Oui, les enjolivures, les artifices, les faux-semblants, le sentimentalisme, le téléguidage, tu détestes ça ! Tout comme les gens, d’une pièce, sans intérêt, simplement assoiffés de reconnaissance et de gloriole, juste bons à faire grimper l’audimat.
Bien sûr, tout ça, on le trouve dans Top Chef. Donc, forcément, ça t’énerve : tu as l’impression que les gens perdent leur temps en regardant ça. Et non seulement leur temps, mais encore leur sensibilité, leur imaginaire, et tout compte fait leurs possibilités de vie. Et ça t’énerve d’autant plus que ces gens sont apparemment très nombreux : quelque trois millions au début, et jusqu’à plus de cinq millions lors de la grande finale, qui aura lieu la semaine prochaine.

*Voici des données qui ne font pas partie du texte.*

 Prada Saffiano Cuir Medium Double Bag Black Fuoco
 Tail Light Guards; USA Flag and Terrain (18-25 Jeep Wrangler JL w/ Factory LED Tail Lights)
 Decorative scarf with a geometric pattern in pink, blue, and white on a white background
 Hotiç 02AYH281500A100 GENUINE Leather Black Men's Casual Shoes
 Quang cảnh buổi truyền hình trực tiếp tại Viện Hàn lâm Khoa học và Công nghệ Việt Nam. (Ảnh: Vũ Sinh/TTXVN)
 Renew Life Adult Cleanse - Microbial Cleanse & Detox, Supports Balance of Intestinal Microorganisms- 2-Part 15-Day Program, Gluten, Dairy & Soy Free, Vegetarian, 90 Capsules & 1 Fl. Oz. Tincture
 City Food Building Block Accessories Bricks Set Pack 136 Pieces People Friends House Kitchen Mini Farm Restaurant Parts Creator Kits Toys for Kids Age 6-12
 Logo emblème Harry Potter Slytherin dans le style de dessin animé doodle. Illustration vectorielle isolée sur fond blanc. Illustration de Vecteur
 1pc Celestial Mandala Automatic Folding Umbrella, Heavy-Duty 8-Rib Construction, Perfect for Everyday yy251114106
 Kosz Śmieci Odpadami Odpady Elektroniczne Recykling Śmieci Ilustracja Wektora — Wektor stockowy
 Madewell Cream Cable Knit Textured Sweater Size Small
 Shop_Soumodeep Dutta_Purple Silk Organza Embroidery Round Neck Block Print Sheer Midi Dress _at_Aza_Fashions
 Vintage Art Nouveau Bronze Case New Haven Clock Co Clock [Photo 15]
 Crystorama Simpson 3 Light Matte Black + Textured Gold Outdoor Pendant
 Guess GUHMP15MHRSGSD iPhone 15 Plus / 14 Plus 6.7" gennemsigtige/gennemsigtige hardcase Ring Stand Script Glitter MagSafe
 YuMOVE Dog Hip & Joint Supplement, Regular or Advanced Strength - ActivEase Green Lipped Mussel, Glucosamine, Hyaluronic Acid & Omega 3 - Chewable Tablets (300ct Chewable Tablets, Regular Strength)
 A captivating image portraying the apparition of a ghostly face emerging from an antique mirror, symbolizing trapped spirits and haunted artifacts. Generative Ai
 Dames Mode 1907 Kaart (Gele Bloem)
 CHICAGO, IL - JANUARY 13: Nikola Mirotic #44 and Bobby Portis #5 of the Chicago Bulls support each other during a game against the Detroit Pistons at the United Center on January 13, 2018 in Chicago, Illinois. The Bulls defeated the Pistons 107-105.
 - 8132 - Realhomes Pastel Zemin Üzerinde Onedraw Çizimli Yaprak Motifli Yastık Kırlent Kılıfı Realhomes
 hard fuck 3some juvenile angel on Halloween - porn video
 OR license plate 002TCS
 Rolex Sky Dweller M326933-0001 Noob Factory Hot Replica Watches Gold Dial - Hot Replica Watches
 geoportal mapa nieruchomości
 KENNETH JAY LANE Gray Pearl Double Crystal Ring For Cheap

Bien sûr, tu as raison : les gens auraient mille et une choses de mieux à faire que de se vautrer dans leur canapé et de regarder ça chaque lundi soir. Mais en même temps, comme partout, tout n’est pas à mettre à la poubelle. Evidemment, Top Chef s’inscrit dans un dispositif dangereux, massif, un processus abrutissant, fabriqué de toute pièce, volontiers injuste, avec pour seul objectif les parts de marché et le profit commercial ; et donc prêt à tout pour que les gens restent scotchés devant leur téléviseur. Mais tout n’est quand même pas à mettre à la poubelle.
Du moins si on ne le suit pas de manière passive, le corps vautré sur le canapé et le cerveau en veille. Comme dans tout, si on a l’œil et l’esprit vifs, si on est à la fois attentif, amoureux et critique, on peut y découvrir plein de choses : que ce soit sur le fonctionnement du dispositif télévisuel, la fabrication d’un événement, la puissance, la portée, les limites du téléguidage ou encore tout compte fait… sur toutes les délicieuses choses de la vie ! Et pas seulement celles qu’on peut manger !
Ce qui est intéressant, c’est de voir ce qui déborde le dispositif, ce qui n’est pas prévu, ce qui est de l’ordre du lapsus, du glissement, de la surprise, du problème insoupçonné, bref de la vie qui gronde et qui travaille et suinte finalement partout.
Dans Top Chef, aussi nulle et vide que l’émission puisse paraître, il y a pourtant toujours la cuisine et les cuisiniers à l’œuvre. Bien sûr, tout est prisonnier du système, mais en même temps – par-delà le scénario, les projecteurs, les caméras et tout le bazar artificiel de la télé –, on y trouve des êtres humains, sensibles et créateurs. Que ce soit par leur cuisine ou leur simple personne, les candidats ont toujours l’occasion de laisser parler leur sensibilité, leur charme, leur savoir-faire, leur côté artistique.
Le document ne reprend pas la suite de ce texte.